- Evolutionary developmental biology
- Cellular interactions and extracellular matrix
Skeletal anomalies in farmed fish are a continuous problem for global aquaculture, affecting fish welfare, performance, and product quality. Aquaculture research has made considerable progress in reducing the incidence of deformities, but new species, intensified production, the damned for sterile fish, delicate early life stages and new fish feed ingredients are a continuous challenge. The use of zebrafish (Danio rerio) and medaka (Oryzias latipes) as models for research into human skeletal diseases such as osteoporosis, osteopetrosis and degenerative joint diseases is increasing, however their potential as models for farmed fish has not been sufficiently explored. These models offer the possibility to obtain deeper insights into the fundamental mechanisms that can cause skeletal malformations in humans and in farmed fish. A framework for
communication and scientific exchange between the aquaculture and biomedical sectors would benefit all stakeholders and advance scientific understanding of the problem. We propose a joint inter-sectorial training network to increase the mobility and visibility of scientists between aquaculture research and the biomedical sector using small fish models.

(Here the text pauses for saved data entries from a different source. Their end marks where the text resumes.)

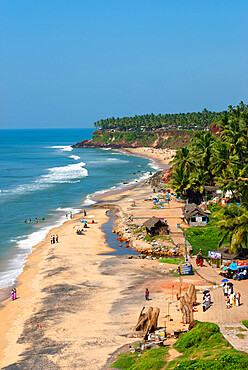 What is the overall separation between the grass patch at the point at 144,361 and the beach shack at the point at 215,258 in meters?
16.2

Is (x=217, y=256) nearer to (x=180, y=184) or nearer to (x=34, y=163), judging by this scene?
(x=180, y=184)

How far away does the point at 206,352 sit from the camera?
19453 millimetres

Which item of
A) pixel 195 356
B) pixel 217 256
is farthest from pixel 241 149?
pixel 195 356

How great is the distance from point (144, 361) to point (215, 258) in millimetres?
18346

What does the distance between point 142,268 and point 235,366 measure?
75.8ft

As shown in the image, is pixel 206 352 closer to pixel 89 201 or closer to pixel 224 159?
pixel 224 159

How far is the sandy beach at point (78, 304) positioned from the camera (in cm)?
2425

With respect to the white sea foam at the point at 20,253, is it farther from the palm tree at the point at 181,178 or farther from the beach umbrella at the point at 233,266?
the beach umbrella at the point at 233,266

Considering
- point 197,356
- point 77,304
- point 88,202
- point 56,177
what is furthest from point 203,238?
point 56,177

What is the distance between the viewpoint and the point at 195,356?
19.7 meters

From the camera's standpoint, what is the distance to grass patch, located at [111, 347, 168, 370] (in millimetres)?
20000

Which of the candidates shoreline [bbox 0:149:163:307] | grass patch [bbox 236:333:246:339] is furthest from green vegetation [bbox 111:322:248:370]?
shoreline [bbox 0:149:163:307]

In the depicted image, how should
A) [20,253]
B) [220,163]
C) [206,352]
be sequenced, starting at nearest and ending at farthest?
[206,352], [20,253], [220,163]

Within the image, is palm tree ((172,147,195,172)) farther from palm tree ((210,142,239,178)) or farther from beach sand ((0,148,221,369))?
beach sand ((0,148,221,369)) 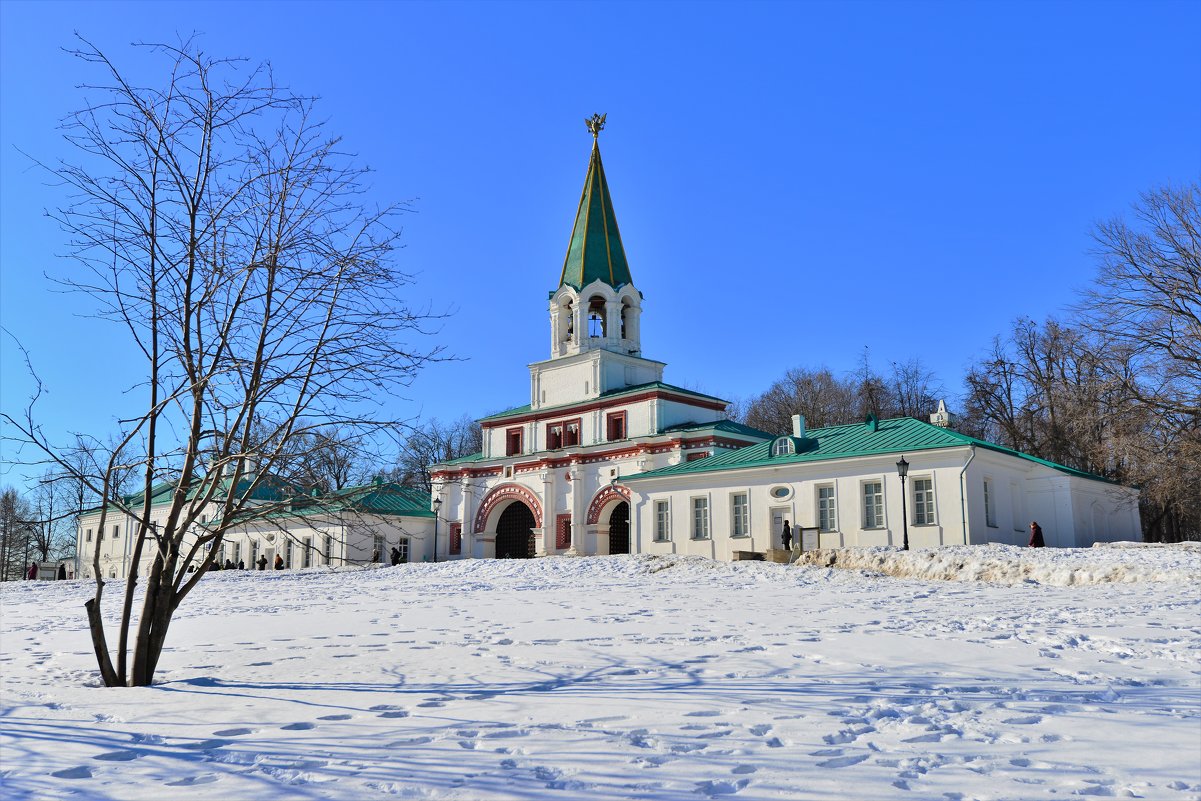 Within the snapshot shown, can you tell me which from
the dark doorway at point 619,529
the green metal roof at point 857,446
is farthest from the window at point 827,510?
the dark doorway at point 619,529

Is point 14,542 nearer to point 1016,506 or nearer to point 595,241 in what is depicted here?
point 595,241

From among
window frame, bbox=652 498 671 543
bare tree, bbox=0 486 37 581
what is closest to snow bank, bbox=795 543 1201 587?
window frame, bbox=652 498 671 543

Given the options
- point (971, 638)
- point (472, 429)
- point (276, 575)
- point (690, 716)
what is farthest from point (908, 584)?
point (472, 429)

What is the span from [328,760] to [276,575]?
100 feet

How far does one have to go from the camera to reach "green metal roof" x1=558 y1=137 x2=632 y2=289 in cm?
4725

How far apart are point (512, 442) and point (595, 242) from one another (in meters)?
10.3

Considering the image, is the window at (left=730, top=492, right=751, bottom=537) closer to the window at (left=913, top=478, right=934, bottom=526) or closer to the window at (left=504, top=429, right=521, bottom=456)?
the window at (left=913, top=478, right=934, bottom=526)

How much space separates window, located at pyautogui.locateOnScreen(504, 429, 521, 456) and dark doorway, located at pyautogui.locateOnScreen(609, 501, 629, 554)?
21.5 ft

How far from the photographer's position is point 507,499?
151 ft

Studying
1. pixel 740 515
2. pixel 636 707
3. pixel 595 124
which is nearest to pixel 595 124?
pixel 595 124

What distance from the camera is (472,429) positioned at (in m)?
71.7

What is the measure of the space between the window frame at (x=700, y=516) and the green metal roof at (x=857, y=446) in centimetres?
107

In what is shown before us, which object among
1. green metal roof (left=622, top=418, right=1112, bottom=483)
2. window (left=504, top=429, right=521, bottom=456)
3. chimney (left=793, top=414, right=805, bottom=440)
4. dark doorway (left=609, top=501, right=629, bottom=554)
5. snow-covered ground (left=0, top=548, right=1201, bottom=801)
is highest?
window (left=504, top=429, right=521, bottom=456)

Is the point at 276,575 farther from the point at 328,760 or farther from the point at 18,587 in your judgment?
the point at 328,760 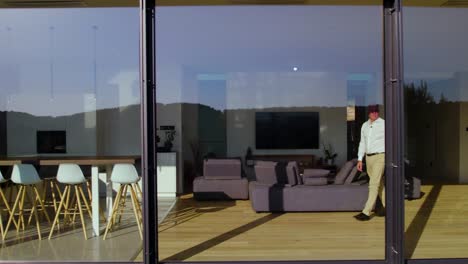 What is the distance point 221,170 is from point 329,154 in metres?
4.47

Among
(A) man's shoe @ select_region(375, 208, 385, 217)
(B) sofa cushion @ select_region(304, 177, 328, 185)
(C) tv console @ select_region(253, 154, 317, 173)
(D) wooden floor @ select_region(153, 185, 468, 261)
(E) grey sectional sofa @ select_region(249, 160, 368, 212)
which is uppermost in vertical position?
(C) tv console @ select_region(253, 154, 317, 173)

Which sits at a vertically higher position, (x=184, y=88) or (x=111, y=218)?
(x=184, y=88)

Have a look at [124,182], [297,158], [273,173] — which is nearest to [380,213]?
[273,173]

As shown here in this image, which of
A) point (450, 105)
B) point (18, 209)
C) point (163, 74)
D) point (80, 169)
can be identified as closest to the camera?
point (80, 169)

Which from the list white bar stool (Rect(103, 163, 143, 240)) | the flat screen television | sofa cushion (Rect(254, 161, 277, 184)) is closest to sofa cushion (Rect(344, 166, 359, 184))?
sofa cushion (Rect(254, 161, 277, 184))

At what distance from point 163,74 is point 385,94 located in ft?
23.2

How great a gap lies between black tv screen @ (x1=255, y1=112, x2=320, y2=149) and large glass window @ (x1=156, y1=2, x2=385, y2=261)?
1.0 inches

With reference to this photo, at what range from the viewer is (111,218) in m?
5.46

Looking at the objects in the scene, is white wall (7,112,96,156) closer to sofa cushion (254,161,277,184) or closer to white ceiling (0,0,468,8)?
sofa cushion (254,161,277,184)

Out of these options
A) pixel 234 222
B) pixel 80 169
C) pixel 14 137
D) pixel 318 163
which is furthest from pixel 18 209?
pixel 318 163

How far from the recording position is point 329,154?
1176 cm

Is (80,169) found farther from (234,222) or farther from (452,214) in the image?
(452,214)

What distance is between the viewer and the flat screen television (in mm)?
9031

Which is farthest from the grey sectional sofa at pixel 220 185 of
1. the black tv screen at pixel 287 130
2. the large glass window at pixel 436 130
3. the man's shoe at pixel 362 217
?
the black tv screen at pixel 287 130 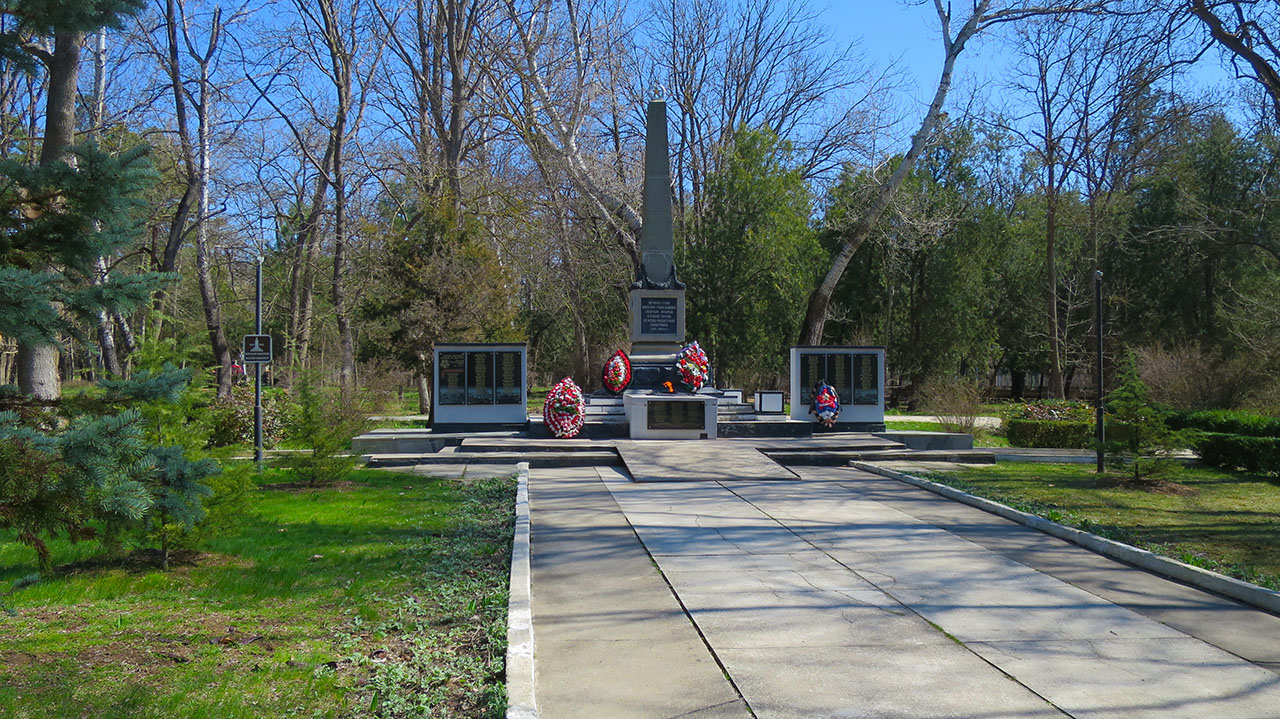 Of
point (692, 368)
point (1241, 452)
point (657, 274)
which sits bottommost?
point (1241, 452)

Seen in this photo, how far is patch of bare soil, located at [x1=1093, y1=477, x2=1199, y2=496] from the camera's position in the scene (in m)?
13.8

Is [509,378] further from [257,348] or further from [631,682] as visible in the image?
[631,682]

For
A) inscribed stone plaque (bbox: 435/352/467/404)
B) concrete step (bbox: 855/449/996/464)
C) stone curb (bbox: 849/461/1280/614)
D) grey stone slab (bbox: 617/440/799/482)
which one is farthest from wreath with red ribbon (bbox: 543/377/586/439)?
stone curb (bbox: 849/461/1280/614)

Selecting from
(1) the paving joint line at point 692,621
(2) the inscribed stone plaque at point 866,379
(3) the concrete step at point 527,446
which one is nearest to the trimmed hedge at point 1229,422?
(2) the inscribed stone plaque at point 866,379

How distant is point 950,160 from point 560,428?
106ft

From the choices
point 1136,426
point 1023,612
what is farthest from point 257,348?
point 1136,426

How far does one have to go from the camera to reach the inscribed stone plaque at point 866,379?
873 inches

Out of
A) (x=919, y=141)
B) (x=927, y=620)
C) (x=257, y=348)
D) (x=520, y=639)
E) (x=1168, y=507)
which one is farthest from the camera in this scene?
(x=919, y=141)

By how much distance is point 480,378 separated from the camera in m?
21.2

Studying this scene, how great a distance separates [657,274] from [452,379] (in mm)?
6224

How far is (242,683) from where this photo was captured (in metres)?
4.84

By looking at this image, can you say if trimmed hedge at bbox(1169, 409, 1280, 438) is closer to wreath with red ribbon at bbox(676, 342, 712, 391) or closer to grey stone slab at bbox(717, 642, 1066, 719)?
wreath with red ribbon at bbox(676, 342, 712, 391)

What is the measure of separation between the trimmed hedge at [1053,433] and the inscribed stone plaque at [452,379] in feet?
48.7

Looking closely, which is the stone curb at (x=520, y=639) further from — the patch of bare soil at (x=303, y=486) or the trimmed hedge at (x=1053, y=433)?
the trimmed hedge at (x=1053, y=433) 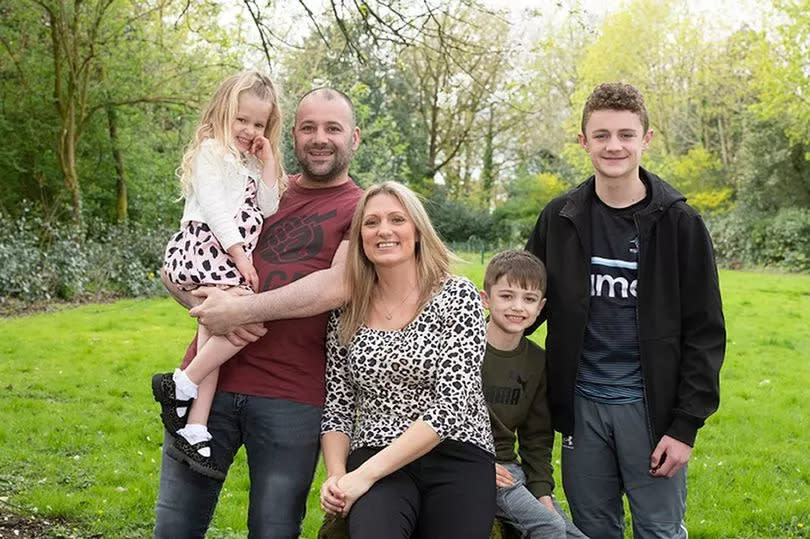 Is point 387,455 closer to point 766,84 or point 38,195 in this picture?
point 38,195

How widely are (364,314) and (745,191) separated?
2634 cm

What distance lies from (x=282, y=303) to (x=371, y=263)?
0.35 meters

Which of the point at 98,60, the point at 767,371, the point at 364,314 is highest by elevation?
the point at 98,60

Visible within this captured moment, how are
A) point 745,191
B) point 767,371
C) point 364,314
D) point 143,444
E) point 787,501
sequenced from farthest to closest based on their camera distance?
point 745,191 → point 767,371 → point 143,444 → point 787,501 → point 364,314

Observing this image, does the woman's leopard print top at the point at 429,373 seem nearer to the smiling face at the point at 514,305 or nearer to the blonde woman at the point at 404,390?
the blonde woman at the point at 404,390

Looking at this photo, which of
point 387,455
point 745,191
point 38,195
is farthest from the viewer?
point 745,191

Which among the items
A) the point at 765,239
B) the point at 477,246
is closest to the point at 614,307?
the point at 765,239

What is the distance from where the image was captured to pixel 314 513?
5383 mm

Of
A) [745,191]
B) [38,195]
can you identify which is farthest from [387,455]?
[745,191]

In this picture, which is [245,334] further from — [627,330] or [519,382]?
[627,330]

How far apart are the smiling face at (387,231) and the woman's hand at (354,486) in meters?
0.73

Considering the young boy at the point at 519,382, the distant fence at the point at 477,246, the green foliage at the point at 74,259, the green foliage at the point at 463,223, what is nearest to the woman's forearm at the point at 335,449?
the young boy at the point at 519,382

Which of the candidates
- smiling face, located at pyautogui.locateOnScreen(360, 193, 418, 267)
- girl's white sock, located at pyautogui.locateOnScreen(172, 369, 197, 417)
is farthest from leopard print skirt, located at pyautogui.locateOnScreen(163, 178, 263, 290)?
smiling face, located at pyautogui.locateOnScreen(360, 193, 418, 267)

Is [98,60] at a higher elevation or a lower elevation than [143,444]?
higher
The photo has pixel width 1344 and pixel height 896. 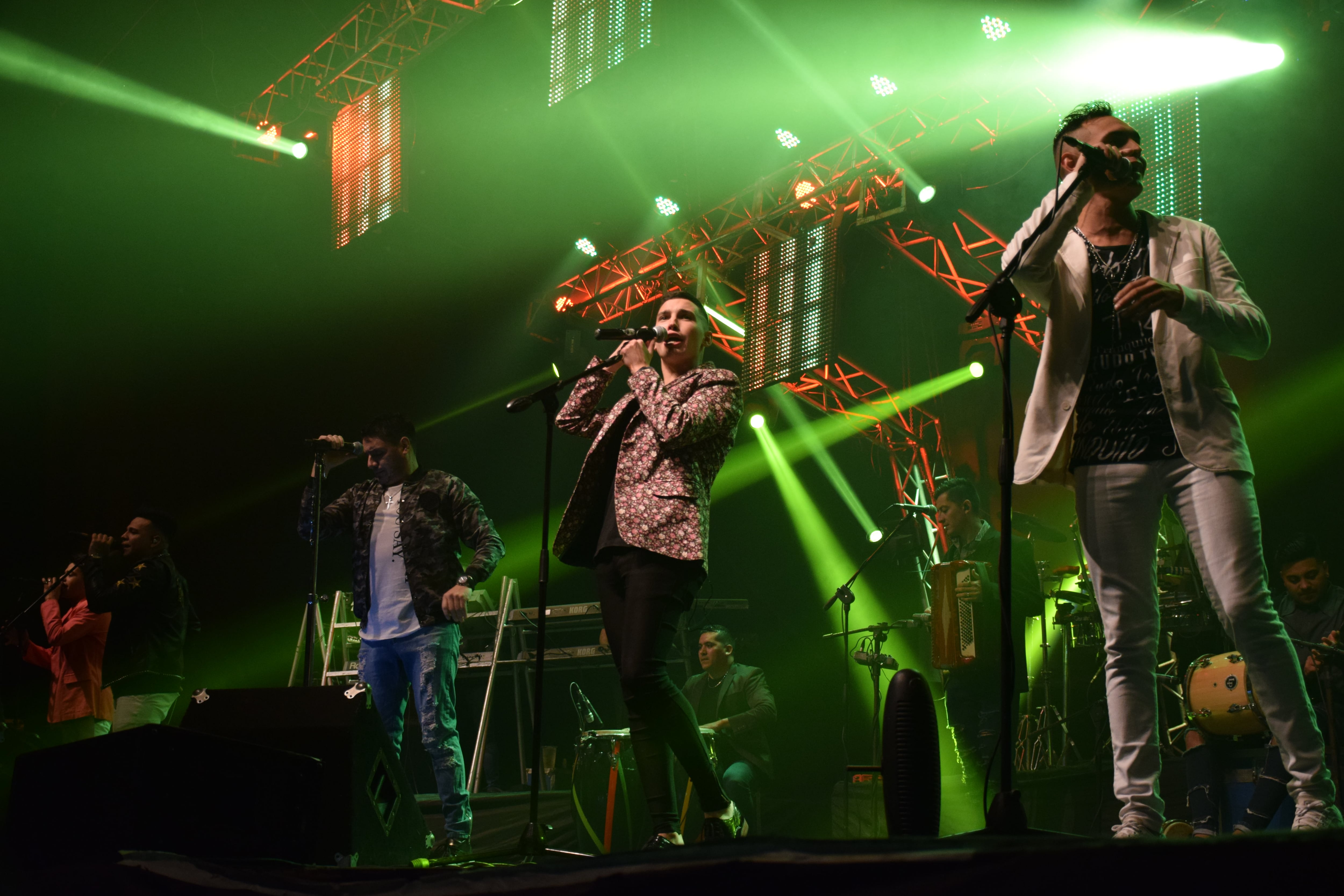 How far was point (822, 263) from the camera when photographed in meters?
8.79

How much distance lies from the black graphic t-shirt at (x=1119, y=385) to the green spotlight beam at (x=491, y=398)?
8.13 metres

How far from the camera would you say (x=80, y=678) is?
617 centimetres

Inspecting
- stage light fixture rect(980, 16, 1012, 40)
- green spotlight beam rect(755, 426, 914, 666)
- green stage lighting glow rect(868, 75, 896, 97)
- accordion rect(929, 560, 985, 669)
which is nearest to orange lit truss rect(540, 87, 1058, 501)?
green stage lighting glow rect(868, 75, 896, 97)

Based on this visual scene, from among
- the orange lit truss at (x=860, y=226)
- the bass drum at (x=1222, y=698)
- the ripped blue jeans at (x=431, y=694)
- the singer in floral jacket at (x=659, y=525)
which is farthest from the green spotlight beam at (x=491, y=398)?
the singer in floral jacket at (x=659, y=525)

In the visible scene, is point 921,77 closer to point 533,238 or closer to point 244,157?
point 533,238

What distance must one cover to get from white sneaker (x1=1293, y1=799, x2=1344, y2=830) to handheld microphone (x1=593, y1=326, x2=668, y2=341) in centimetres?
224

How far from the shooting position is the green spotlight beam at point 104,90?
8.98 metres

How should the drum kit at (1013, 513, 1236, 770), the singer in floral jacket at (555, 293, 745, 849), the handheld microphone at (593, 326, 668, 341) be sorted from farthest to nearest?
the drum kit at (1013, 513, 1236, 770) < the handheld microphone at (593, 326, 668, 341) < the singer in floral jacket at (555, 293, 745, 849)

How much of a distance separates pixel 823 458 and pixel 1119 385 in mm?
7343

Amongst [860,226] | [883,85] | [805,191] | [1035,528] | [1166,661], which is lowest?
[1166,661]

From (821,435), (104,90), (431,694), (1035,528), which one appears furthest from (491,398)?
(431,694)

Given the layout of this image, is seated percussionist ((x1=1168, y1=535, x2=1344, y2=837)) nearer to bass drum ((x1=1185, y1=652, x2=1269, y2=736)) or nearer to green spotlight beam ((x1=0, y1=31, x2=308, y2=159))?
bass drum ((x1=1185, y1=652, x2=1269, y2=736))

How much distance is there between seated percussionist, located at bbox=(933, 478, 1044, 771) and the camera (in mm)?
5867

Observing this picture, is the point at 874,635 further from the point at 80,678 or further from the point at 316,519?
the point at 80,678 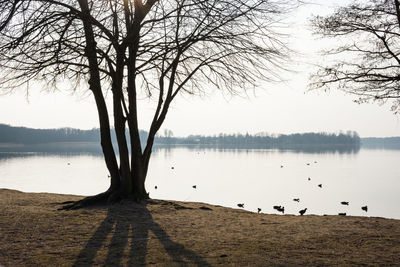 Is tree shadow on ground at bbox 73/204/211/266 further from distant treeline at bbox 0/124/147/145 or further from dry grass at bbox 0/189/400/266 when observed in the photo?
distant treeline at bbox 0/124/147/145

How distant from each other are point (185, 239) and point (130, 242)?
101 centimetres

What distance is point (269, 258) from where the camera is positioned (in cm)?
550

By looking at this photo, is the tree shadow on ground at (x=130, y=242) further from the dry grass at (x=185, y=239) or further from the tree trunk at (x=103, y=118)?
the tree trunk at (x=103, y=118)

The proposed ESR programs will provide career development to young researchers in the field of skeletal biology through international and multidisciplinary training on innovative molecular, histological, biochemical and cell culture methodologies relevant to both sectors. The network combines stakeholders from 7 European Universities, a US research hospital, and one Biological Institute. Commercial interests are represented by two Economy departments, one aquaculture and a major fish feed
production company. This structure allows the flow of information and people between the biomedical and aquaculture sectors, and between academic and applied sectors, thus addressing several objectives of the Europe 2020 strategy and ensuring a direct route from knowledge to application.